Ethernet chip coordinates

Ethernet chip coordinates are given as a tuple (x, y).

Ethernet chip coordinates give the chip coordinates of Ethernet connected chips at the bottom-left corner of SpiNNaker boards.

Utilities

The following utilities are provided for working with the above coordinate systems.

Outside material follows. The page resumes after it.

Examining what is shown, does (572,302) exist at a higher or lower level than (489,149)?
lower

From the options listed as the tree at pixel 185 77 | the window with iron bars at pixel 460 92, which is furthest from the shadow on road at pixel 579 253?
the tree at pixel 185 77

A lookup from (z, rig.links.Links) to (dx, dy, dz).

Get the coordinates of the board down the specified link.

Parameters:

x1, y1, z1 : int

The board coordinates from which a link will be traversed.

link : rig.links.Link

The link to follow.

width, height : int

The dimensions of the system in triads.

Returns:

x, y, z : int

The coordinates of the board down the specified link.

wrapped : WrapAround

In what way did we wrap-around when following that link?

board_to_chip(x, y, z)[source]

Convert a board coordinate into a chip coordinate.

Assumes a regular torus composed of SpiNN-5 boards.

Parameters:

x, y, z : int

Board coordinates.

Returns:

x, y : int

Chip coordinates.

chip_to_board(x, y, w, h)[source]

Convert a chip coordinate into a board coordinate.

Assumes a regular torus composed of SpiNN-5 boards.

Parameters:

x, y : int

Chip coordinates.

w, h : int

Dimensions of the system, in chips.

Returns:

x, y, z : int

Board coordinates.

triad_dimensions_to_chips(w, h, torus)[source]

Convert the dimensions of a system from numbers of triads to numbers of chips in the underlying network.

Assumes a regular torus composed of SpiNN-5 boards.

Parameters:

w, h : int

Dimensions of the system in triads.

torus : :py:class`.WrapAround`

What wrap-around connections are present?

Returns:

w, h : int

Dimensions of the SpiNNaker chip network in the specified machine, e.g. for booting.

class WrapAround[source]

Defines what type of wrap-around links a torus has, if any.

Values chosen have the following useful properties:

>>> # Can be meaningfully cast to bool
>>> assert bool(WrapAround.none) is False
>>> assert bool(WrapAround.x) is True
>>> assert bool(WrapAround.y) is True
>>> assert bool(WrapAround.both) is True

>>> # Bit-operations make sense
>>> assert bool(WrapAround.both & WrapAround.x) is True
>>> assert bool(WrapAround.both & WrapAround.y) is True
>>> assert bool(WrapAround.x & WrapAround.x) is True
>>> assert bool(WrapAround.x & WrapAround.y) is False
none = <WrapAround.none: 0>

No wrap-around links.

__eq__ = <method-wrapper '__eq__' of type object at 0x9197a0>
__ge__ = <method-wrapper '__ge__' of type object at 0x9197a0>
__gt__ = <method-wrapper '__gt__' of type object at 0x9197a0>
__hash__() <==> hash(x)
__le__ = <method-wrapper '__le__' of type object at 0x9197a0>
__lt__ = <method-wrapper '__lt__' of type object at 0x9197a0>
__ne__ = <method-wrapper '__ne__' of type object at 0x9197a0>
x = <WrapAround.x: 1>

Has wrap around links around X-axis.

y = <WrapAround.y: 2>

Has wrap around links around Y-axis.

both = <WrapAround.both: 3>

Has wrap around links on X and Y axes.